3 Indeed, the CDC's policy is particularly inappropriate in light of recent evidence that integration of two-person cells does not lead to increased violence and that it actually may decrease violence. See, e.g., Chad Trulson & James W. Marquart, The Caged Melting Pot: Toward an Understanding of the Consequences of Desegregation in Prisons, 36 L. & Soc'y Rev. 743, 774 (2002) (After integration of two-person cells in Texas, "the rate of assaults among desegregated inmates was less than or at least equal to the rate of assaults among inmates who were not desegregated. Integration did not result in disproportionate violence; rather, over the long term, the rate of violence between inmates segregated by race in double cells surpassed the rate among those racially integrated."); see also, e.g., Henderson et al., supra, at 304, 307 (noting that the majority of prison wardens surveyed stated that integrating cells would decrease or have no effect on the level of violence in an institution).

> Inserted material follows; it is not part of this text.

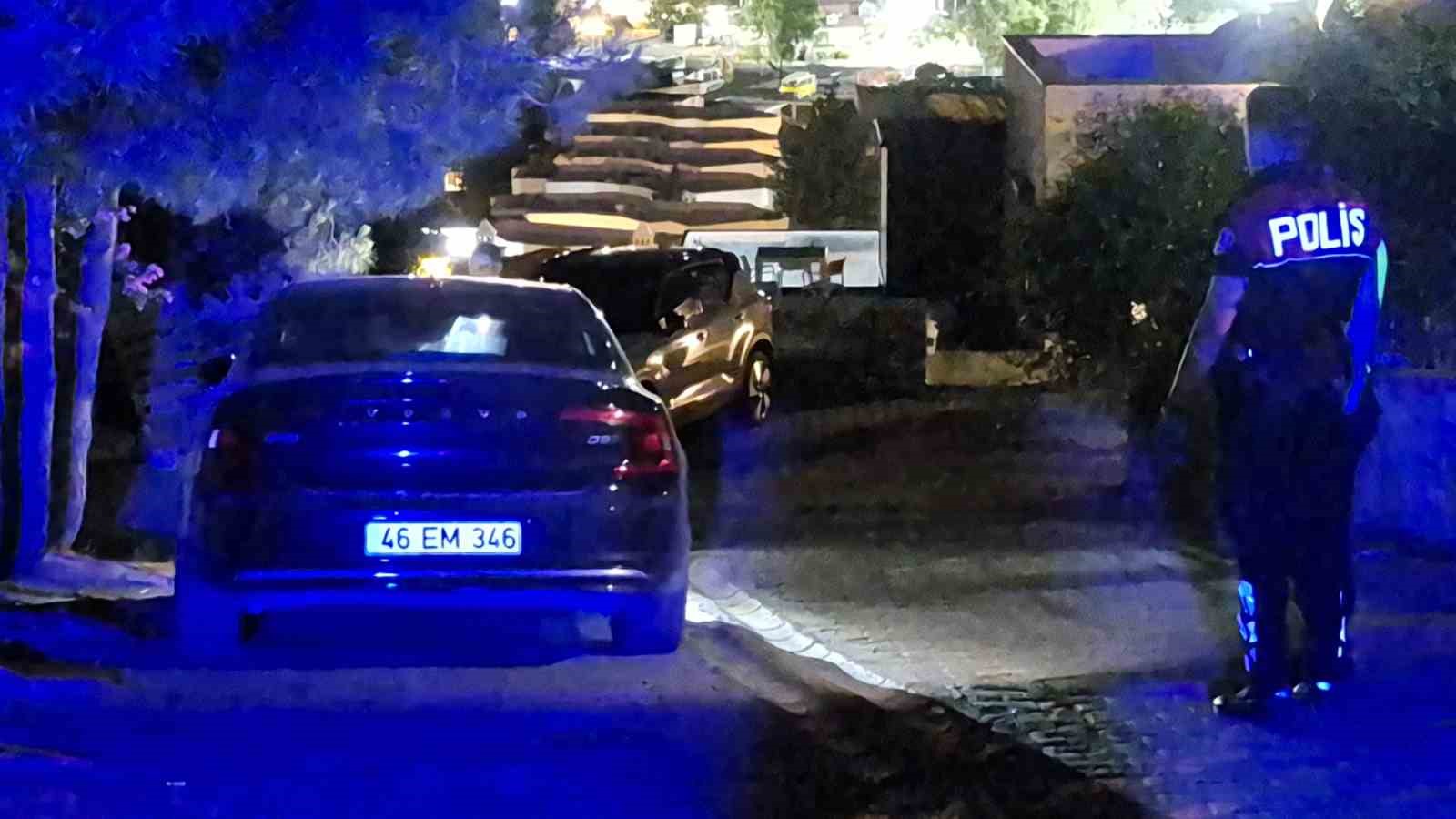 Uygulamadan kaçarken polisi ve motosikletliyi yaraladı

4 Similarly, on the few occasions in which courts have confronted prison polices, like the CDC's, of temporary racial segregation for newly received inmates, they have not hesitated to strike down the policies. See Blevins v. Brew, 593 F. Supp. 245, 248-249 (W.D. Wis. 1984) (assigning new inmates to double cells in temporary reception centers based on race in a federal correctional facility "violated clearly established constitutional rights" because "racial segregation is an appropriate response [to racial conflict] only if no other means are available for maintaining prison security or discipline"); Stewart v. Rhodes, 473 F. Supp. 1185, 1187-1190 (S.D. Ohio 1979) (assigning inmates to double cells based on race in a receiving and processing center was unconstitutional because there was no evidence that integration would lead to increased violence), appeal dismissed, 661 F.2d 934 (6th Cir. 1981).

5 Indeed, the CDC's race-based housing policy, which would subject even inmates with an established record of nonviolence to racial segregation every time they are transferred to a new institution, would not satisfy a proper application of Turner's "reasonably related" standard, much less strict scrutiny.